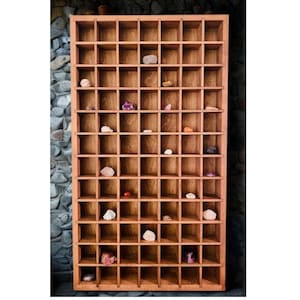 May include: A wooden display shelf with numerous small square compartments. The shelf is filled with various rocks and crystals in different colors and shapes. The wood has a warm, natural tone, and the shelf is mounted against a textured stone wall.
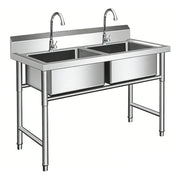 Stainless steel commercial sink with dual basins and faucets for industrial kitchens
┄┄┄┄┄┄
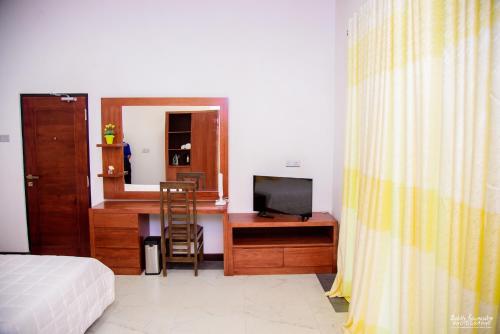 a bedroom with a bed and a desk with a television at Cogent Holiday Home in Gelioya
┄┄┄┄┄┄
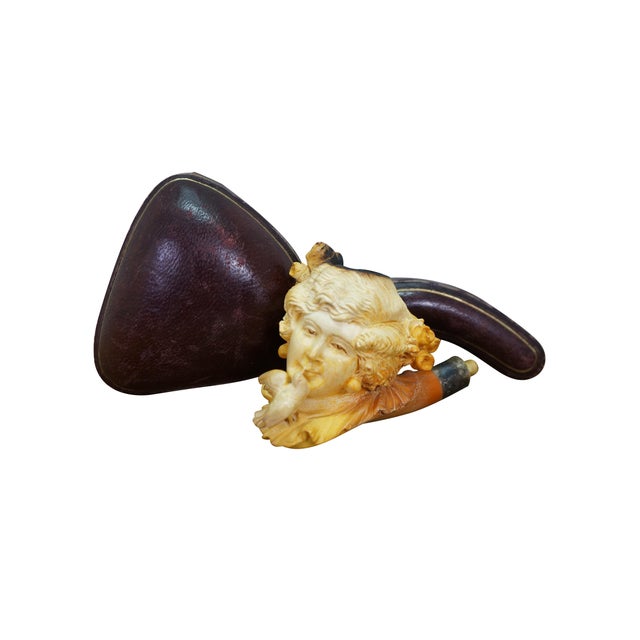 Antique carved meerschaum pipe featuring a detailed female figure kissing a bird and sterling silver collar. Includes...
┄┄┄┄┄┄
__What you should do__.
Above are records with pictures. Reproduce exactly only the lines from the line with "May include: A" through the line with "Stainless steel commercial", both ends included, and leave the pictures out.

__Answer space__.
 May include: A wooden display shelf with numerous small square compartments. The shelf is filled with various rocks and crystals in different colors and shapes. The wood has a warm, natural tone, and the shelf is mounted against a textured stone wall.
 Stainless steel commercial sink with dual basins and faucets for industrial kitchens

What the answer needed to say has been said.